*WHAT THIS TASK INVOLVES*: From the entries below, write out exactly the lines between the line holding "Studio di protiro, Monumento Visconti, Studio" and the line holding "1980s East German black work trousers - w32", inclusive, excluding any pictures.

====== THE INPUT

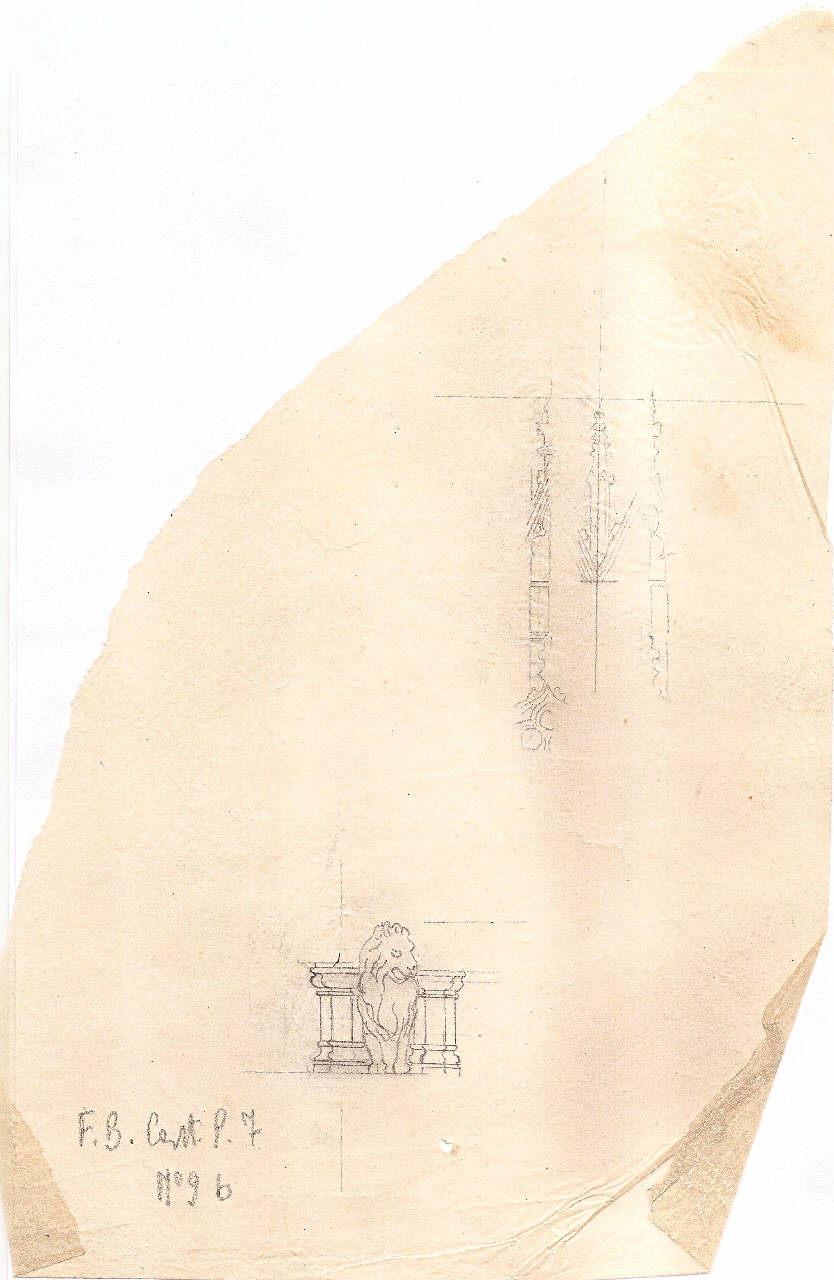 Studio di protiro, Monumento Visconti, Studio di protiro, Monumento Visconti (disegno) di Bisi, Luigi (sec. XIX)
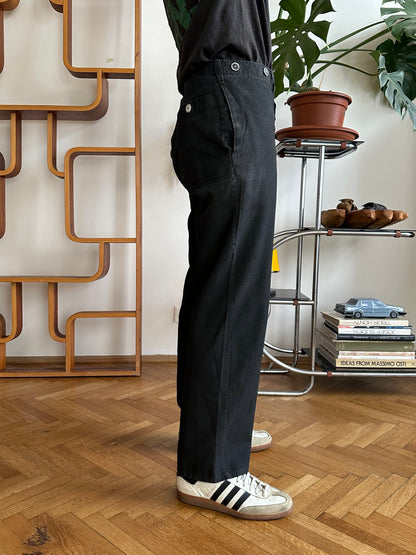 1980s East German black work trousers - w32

============
====== THE INPUT

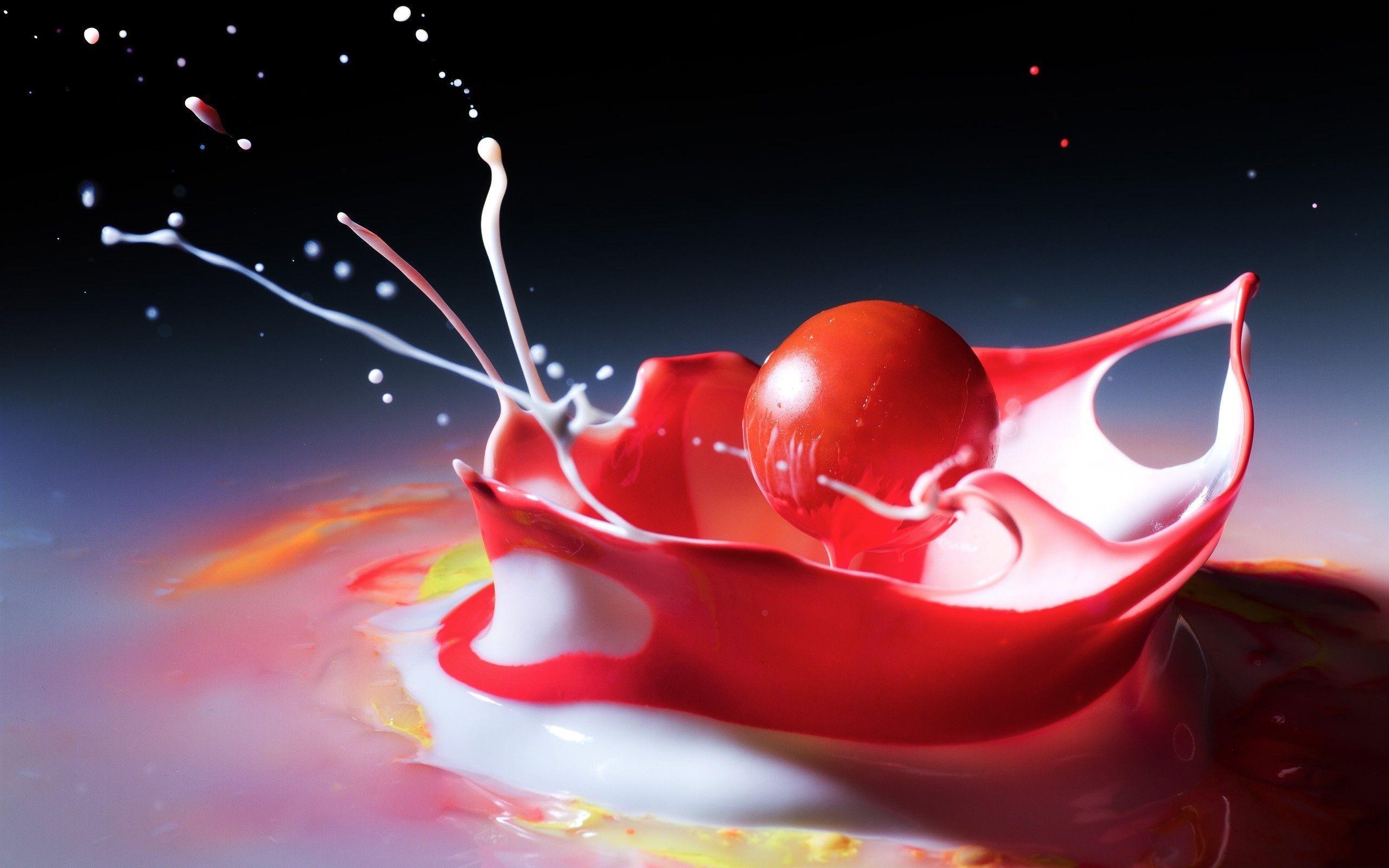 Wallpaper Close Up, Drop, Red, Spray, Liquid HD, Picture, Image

============

*RESPONSE TO THE TASK*:
 Studio di protiro, Monumento Visconti, Studio di protiro, Monumento Visconti (disegno) di Bisi, Luigi (sec. XIX)
 1980s East German black work trousers - w32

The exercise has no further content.